Fig. 3: In situ SXRD assessment of the synthesis mechanisms.

a, Schematic of the experimental set-up and the sample condition. The actual configuration of the experimental instruments is provided in Extended Data Fig. 5. b, Two-dimensional (2D) phase evolution map plotted as a function of time showing the oxide reduction pathway. c, Schematic of the multi-step reduction mechanisms. The colour scale applied in all the oxide phases quantitatively indicates the oxidation state (that is, relative oxygen content). d, Relative phase fraction evolution determined through Rietveld refinement.

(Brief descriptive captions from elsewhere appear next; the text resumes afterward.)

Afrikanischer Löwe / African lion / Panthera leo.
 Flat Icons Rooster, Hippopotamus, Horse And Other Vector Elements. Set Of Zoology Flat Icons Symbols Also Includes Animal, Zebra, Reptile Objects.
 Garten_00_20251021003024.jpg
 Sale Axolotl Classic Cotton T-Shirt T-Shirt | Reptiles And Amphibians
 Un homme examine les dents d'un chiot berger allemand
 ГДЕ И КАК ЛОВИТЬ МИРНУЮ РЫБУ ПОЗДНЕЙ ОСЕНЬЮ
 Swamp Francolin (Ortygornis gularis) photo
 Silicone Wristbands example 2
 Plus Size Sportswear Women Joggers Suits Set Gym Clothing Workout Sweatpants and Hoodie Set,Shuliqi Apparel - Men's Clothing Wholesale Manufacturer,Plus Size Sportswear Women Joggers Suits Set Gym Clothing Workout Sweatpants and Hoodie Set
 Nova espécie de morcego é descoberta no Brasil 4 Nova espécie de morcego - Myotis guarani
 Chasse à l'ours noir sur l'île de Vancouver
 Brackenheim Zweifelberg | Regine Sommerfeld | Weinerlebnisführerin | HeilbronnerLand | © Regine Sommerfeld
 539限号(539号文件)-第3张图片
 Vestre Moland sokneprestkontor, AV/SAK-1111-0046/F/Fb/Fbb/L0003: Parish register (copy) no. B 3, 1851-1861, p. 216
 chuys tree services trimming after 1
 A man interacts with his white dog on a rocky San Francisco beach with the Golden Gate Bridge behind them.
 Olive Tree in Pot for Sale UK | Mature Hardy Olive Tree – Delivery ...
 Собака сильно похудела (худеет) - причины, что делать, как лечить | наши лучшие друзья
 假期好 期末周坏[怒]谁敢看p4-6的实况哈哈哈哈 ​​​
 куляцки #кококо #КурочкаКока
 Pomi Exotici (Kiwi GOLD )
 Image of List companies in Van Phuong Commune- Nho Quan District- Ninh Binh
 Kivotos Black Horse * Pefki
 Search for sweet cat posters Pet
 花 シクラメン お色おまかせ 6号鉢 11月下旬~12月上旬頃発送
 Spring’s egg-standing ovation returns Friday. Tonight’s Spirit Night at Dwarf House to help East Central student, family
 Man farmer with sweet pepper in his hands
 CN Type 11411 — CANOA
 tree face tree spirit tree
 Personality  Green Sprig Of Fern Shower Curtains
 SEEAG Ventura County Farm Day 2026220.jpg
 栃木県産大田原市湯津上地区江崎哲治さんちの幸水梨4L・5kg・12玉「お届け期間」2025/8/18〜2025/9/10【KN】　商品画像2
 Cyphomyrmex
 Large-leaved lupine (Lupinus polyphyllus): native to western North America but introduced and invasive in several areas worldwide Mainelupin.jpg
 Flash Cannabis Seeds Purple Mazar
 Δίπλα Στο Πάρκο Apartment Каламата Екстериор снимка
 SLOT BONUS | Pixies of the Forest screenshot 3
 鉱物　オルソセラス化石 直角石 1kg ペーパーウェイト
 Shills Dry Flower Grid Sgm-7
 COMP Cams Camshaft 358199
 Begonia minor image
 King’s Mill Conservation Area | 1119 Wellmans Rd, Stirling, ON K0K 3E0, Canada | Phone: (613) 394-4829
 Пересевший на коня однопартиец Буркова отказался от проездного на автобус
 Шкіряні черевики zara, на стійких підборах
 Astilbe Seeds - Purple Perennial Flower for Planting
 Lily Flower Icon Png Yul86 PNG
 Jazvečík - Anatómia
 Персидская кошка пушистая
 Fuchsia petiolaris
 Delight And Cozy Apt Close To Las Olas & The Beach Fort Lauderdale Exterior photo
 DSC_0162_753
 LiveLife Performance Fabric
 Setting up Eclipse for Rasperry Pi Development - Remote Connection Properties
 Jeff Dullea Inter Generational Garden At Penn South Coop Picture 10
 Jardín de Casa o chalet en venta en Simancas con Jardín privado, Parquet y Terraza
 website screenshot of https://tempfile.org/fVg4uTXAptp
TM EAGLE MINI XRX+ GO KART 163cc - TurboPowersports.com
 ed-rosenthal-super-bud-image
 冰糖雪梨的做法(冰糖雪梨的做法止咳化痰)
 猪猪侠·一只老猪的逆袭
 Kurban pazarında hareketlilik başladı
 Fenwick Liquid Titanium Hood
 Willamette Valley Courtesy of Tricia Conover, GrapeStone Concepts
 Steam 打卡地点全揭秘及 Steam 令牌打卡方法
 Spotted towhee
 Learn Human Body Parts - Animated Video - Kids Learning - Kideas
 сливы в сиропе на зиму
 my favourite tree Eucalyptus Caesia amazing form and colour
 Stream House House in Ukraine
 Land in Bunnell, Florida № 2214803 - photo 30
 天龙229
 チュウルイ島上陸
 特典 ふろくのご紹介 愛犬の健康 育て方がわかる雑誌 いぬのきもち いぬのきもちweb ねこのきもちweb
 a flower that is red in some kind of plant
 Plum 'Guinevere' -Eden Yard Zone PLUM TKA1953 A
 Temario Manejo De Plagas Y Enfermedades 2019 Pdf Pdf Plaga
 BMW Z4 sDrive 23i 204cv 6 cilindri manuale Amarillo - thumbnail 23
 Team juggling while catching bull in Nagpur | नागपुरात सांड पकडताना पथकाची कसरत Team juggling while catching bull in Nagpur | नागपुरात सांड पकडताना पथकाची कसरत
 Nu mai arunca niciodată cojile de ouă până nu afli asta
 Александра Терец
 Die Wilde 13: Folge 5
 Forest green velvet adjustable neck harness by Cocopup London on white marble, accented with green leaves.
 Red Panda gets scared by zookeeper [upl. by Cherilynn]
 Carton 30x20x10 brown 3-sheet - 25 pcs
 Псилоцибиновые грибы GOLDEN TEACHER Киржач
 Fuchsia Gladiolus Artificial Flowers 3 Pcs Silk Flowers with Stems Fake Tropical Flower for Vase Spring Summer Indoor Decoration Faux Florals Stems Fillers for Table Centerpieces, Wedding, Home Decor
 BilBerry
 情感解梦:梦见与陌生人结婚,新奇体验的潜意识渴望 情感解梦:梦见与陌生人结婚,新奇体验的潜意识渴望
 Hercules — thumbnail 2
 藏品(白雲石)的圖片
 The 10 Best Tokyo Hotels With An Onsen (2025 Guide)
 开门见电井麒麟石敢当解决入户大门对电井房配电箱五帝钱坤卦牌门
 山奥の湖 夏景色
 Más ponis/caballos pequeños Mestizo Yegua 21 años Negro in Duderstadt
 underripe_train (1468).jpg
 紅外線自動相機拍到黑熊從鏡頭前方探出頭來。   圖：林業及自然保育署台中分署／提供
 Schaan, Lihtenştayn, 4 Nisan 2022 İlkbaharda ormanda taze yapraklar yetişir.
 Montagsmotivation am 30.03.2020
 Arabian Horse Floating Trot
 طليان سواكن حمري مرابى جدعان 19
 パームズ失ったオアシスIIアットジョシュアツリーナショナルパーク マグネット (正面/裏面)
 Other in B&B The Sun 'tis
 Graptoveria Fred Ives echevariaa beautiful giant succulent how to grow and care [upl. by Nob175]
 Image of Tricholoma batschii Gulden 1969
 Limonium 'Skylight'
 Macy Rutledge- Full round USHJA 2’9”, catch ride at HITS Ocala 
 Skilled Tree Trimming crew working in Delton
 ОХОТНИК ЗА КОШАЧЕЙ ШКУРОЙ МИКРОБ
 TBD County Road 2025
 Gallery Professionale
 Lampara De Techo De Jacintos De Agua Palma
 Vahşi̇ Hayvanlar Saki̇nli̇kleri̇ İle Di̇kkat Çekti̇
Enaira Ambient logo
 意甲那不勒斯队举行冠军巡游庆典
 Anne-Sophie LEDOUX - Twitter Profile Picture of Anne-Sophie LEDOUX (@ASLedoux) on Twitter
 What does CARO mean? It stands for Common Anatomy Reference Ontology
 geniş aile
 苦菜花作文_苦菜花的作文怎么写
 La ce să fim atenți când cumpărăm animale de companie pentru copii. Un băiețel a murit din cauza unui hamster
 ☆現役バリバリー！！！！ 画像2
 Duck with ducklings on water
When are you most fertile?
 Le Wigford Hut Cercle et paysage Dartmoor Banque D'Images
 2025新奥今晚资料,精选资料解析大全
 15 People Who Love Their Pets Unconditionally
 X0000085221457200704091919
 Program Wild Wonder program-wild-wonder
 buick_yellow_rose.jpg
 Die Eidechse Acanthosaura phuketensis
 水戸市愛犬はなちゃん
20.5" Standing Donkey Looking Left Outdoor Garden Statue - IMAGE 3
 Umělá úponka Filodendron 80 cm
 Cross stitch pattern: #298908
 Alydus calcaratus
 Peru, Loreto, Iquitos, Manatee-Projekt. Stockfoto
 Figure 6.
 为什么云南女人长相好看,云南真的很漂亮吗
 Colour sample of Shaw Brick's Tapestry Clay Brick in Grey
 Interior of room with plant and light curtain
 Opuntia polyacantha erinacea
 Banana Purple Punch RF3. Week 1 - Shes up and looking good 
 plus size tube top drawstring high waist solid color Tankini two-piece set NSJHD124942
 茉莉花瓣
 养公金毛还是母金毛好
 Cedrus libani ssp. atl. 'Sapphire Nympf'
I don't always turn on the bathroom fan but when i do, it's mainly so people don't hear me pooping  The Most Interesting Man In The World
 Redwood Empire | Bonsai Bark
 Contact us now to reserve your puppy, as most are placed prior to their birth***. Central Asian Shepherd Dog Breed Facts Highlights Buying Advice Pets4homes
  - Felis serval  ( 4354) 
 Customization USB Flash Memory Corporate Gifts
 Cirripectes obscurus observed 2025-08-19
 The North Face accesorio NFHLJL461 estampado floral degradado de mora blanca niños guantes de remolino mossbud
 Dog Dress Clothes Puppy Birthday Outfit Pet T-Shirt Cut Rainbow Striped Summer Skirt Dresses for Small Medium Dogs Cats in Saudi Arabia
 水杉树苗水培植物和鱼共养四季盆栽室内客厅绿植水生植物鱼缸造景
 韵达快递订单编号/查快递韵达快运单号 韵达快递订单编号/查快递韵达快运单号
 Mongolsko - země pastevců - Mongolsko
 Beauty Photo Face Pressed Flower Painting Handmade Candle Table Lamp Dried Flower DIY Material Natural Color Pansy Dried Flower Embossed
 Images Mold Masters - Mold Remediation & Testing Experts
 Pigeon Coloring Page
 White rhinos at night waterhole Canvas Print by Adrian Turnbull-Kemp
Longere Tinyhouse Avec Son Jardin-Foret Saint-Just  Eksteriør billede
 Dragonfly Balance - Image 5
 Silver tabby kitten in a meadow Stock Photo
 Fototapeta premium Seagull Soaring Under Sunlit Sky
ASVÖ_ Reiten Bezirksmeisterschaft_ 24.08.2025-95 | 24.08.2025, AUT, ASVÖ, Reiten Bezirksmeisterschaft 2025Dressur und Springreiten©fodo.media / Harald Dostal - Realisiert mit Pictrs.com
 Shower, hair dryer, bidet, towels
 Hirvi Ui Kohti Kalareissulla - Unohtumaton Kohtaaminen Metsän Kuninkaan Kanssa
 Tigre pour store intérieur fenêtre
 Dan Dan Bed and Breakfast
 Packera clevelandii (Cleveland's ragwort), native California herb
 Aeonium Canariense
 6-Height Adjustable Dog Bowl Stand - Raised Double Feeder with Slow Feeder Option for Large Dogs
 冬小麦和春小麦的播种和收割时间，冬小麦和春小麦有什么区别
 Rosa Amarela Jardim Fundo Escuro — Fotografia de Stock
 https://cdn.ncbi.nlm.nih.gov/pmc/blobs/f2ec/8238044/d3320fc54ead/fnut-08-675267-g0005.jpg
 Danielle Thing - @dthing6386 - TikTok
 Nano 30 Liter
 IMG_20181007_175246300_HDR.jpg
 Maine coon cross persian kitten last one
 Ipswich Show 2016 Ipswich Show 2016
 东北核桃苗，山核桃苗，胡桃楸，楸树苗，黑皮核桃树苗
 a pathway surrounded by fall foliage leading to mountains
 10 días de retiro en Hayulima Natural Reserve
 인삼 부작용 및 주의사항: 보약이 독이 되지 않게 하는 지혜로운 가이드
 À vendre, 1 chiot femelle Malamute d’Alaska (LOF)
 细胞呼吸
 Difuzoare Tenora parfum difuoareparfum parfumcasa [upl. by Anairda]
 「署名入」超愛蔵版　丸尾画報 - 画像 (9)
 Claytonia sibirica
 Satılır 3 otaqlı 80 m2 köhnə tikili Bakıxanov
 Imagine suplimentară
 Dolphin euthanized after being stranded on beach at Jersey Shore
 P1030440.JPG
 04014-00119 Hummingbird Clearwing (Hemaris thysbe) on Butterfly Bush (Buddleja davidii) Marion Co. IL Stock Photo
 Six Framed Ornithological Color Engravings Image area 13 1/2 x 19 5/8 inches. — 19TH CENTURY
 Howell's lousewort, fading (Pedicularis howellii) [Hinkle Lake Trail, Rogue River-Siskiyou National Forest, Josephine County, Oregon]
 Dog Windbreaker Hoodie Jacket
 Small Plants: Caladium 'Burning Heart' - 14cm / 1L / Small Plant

Note that because of the mass loss during the redox reaction (that is, phase fraction of H₂O is unmeasurable by SXRD), datum points in the left and right panels cannot be used to back-derive absolute phase fraction with respect to the reactants. In addition, because of the substantial reaction boundary condition differences between in situ SXRD and TGA, directly correlating these microscopic phase fraction evolution processes with the global conversion rate measurements may not be possible. e, Lattice constant change of the metallic fcc phase observed in the present experiment. Literature data for the pure Ni (ref. ²⁷) and the standard Fe–Ni invar alloy²⁵ are also included in the left panel as references. Inset: the peak shift of 111 and 200 peaks in the metallic fcc phase during 700 °C isothermal holding.